## Try it
If a line in the entries below holds the string "Chrome", copy it.

Crawled caption data
==================================================
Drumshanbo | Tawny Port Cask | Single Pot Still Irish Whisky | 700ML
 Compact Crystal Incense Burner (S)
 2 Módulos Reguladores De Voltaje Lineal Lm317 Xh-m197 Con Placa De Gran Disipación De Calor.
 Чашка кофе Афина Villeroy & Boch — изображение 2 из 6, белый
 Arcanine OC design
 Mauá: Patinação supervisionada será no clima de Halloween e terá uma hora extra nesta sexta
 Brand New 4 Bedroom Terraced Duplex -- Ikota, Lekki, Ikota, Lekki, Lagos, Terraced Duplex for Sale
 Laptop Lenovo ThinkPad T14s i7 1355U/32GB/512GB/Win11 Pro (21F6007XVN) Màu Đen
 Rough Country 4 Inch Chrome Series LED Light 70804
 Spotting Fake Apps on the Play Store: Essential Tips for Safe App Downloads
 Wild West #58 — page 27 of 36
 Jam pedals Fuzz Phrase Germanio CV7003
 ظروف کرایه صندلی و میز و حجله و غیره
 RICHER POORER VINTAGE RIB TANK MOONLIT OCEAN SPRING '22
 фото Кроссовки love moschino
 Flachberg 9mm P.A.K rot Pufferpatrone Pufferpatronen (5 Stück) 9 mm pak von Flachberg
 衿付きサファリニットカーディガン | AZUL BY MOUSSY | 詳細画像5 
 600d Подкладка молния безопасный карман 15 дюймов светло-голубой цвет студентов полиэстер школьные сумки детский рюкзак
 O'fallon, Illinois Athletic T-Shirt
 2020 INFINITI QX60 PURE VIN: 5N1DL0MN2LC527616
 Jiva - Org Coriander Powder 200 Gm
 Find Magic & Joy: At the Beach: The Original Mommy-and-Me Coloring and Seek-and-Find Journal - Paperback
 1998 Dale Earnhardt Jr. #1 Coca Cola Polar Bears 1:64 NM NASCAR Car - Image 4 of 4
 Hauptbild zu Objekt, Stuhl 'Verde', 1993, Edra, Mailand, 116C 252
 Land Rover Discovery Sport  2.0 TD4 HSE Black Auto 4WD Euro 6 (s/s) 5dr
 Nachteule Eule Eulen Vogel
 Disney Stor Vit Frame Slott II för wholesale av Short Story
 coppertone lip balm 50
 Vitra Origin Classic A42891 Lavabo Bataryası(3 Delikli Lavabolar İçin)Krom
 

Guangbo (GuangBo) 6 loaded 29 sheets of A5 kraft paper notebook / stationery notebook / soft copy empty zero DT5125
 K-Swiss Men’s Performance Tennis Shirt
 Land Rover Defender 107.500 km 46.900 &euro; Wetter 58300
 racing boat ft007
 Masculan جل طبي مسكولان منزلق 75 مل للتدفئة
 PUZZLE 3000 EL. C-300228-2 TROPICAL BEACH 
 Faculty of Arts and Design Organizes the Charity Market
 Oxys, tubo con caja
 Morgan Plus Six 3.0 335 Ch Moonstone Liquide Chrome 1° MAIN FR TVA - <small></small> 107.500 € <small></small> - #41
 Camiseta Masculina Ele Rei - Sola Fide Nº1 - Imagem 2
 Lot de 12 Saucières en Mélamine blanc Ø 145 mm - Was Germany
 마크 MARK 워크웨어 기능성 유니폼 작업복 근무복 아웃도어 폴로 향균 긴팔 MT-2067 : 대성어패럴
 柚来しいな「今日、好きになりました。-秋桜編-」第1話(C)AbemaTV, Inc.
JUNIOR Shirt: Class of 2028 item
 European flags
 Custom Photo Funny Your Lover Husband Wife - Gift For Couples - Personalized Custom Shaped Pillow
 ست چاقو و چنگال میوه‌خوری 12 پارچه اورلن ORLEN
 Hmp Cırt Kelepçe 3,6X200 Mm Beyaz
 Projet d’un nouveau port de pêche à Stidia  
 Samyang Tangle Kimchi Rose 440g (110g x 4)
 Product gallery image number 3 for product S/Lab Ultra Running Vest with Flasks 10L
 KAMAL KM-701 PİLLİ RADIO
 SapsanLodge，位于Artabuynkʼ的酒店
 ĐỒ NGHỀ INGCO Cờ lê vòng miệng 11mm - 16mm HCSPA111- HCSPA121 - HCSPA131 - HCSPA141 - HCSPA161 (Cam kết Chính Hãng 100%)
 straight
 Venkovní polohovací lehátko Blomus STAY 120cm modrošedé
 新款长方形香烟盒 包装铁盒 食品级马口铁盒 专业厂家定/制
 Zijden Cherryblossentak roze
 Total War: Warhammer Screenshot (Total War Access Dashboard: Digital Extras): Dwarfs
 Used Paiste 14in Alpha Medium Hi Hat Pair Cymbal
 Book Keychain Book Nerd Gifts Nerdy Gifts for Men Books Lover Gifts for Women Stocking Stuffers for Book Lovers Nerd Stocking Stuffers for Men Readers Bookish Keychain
==================================================
## Solved exercise
 Rough Country 4 Inch Chrome Series LED Light 70804
 Morgan Plus Six 3.0 335 Ch Moonstone Liquide Chrome 1° MAIN FR TVA - <small></small> 107.500 € <small></small> - #41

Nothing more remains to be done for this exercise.